The findings reveal that the egg white substance, known as RVPSL, has a powerful ability to block the activation of angiotensin-converting-enzyme (ACE) that is known to raise blood pressure.
"We have evidence from the laboratory that a substance in egg white ... reduces blood pressure about as much as a low dose of Captopril, a high-blood-pressure drug," said study leader Dr Zhipeng Yu of Jilin University, China.
Yu, along with his colleagues at Clemson University, USA, set out to further document RVPSL's effects using laboratory rats that develop high blood pressure. The results of feeding the substance were positive, showing that RVPSL did not have apparent toxic effects and lowered blood pressure by amounts comparable to low doses of Captopril.
"Our results support and enhance previous findings on this topic," said Yu, who presented at the National Meeting & Exposition of the American Chemical Society (ACS) in New Orleans, USA.

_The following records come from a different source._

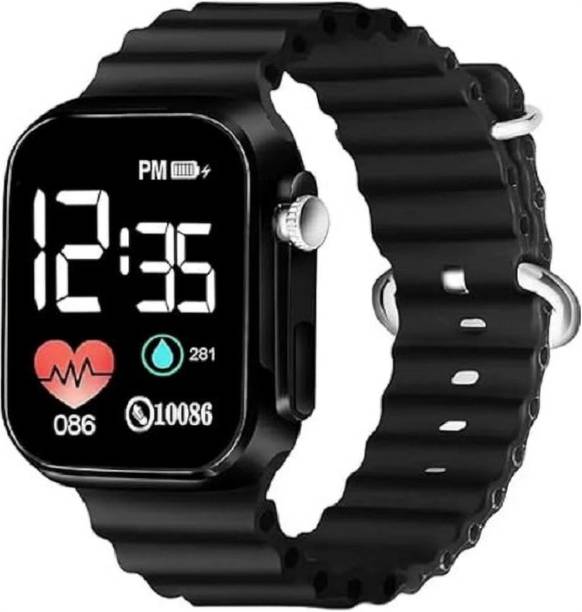 LED_ULTRA_WATCH Digital Watch  - For Boys & Girls Kids LED Watch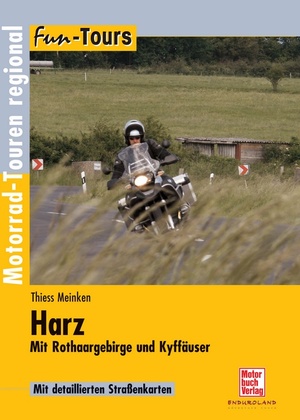 ISBN 9783613030572: Harz - Mit Rothaargebirge und Kyffhäuser : Fun-Tours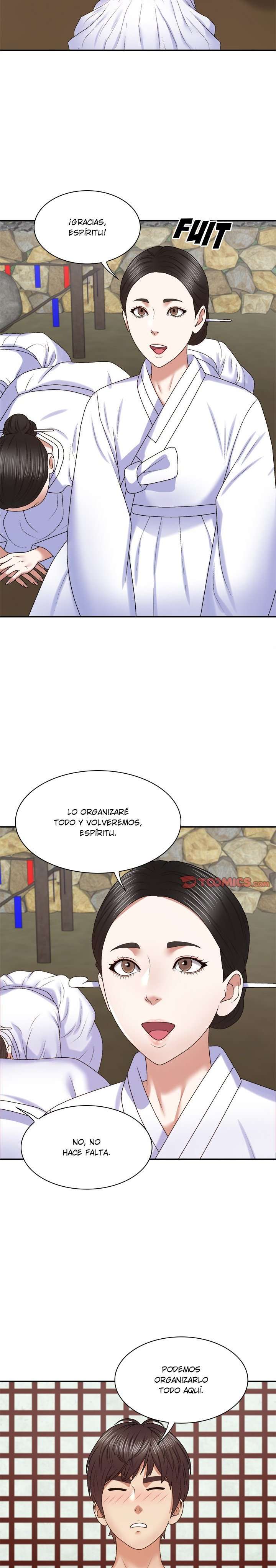 Posesion de espiritu Capitulo 54 página 11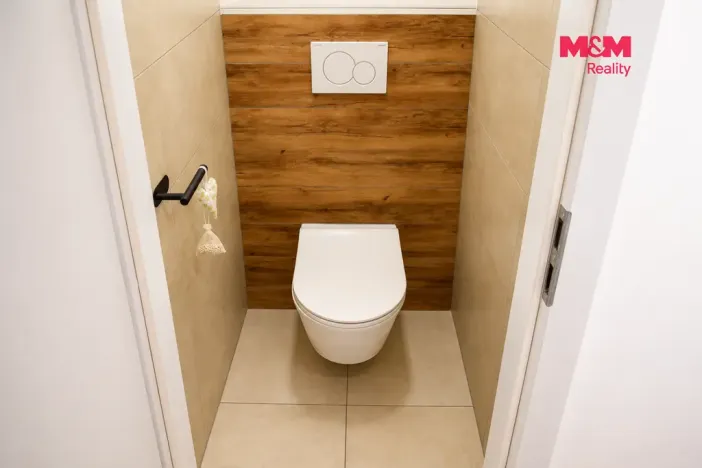 Pronájem bytu 2+kk, Mokrá-Horákov - Mokrá, 55 m2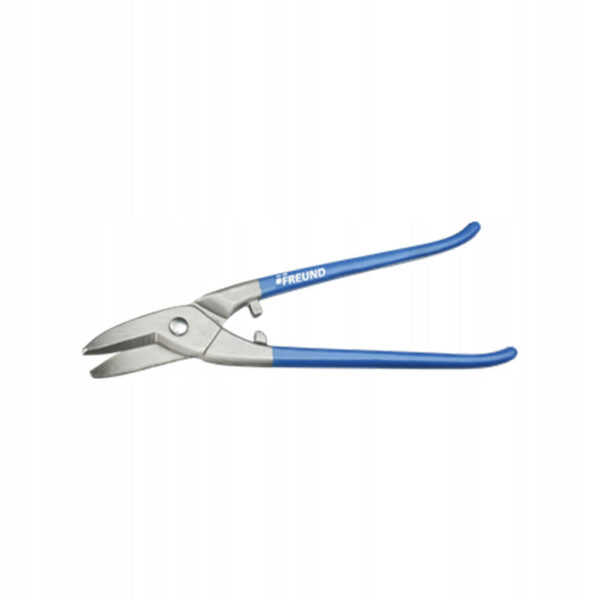 Nożyce otworowe łukowe prawe 275mm FREUND 01224275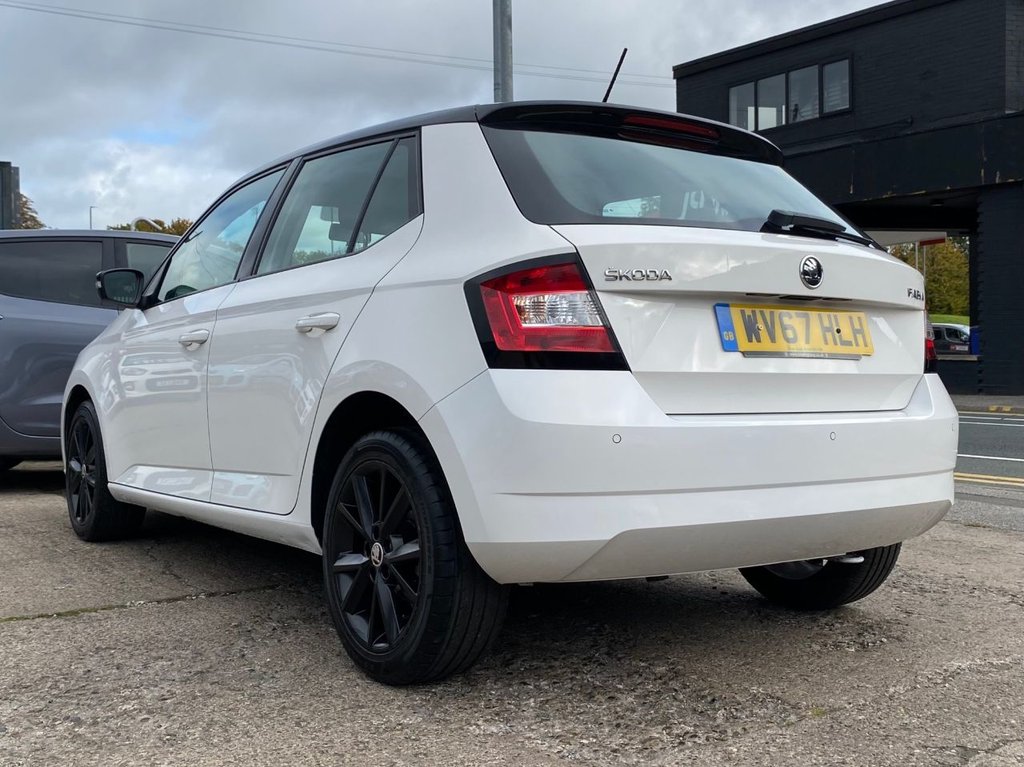 Used Skoda Fabia 2017 for sale - 76235994: Photo 9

Yu noted that the research was performed with a version of the peptide that was heated to around 200oF (93oC) during preparation — which is less than temperatures typically used to cook eggs. However, he cited evidence from other research to suggest that egg whites may retain their beneficial effects on blood pressure after cooking.
Yu said that the that egg white peptides such as RVPSL, either in eggs or as a supplement, could become useful as an adjunct to high-blood-pressure medication.
He noted that such findings about egg white and high blood pressure add to the emerging nutritional image of eggs - which were once regarded as a food to avoid in a healthy diet.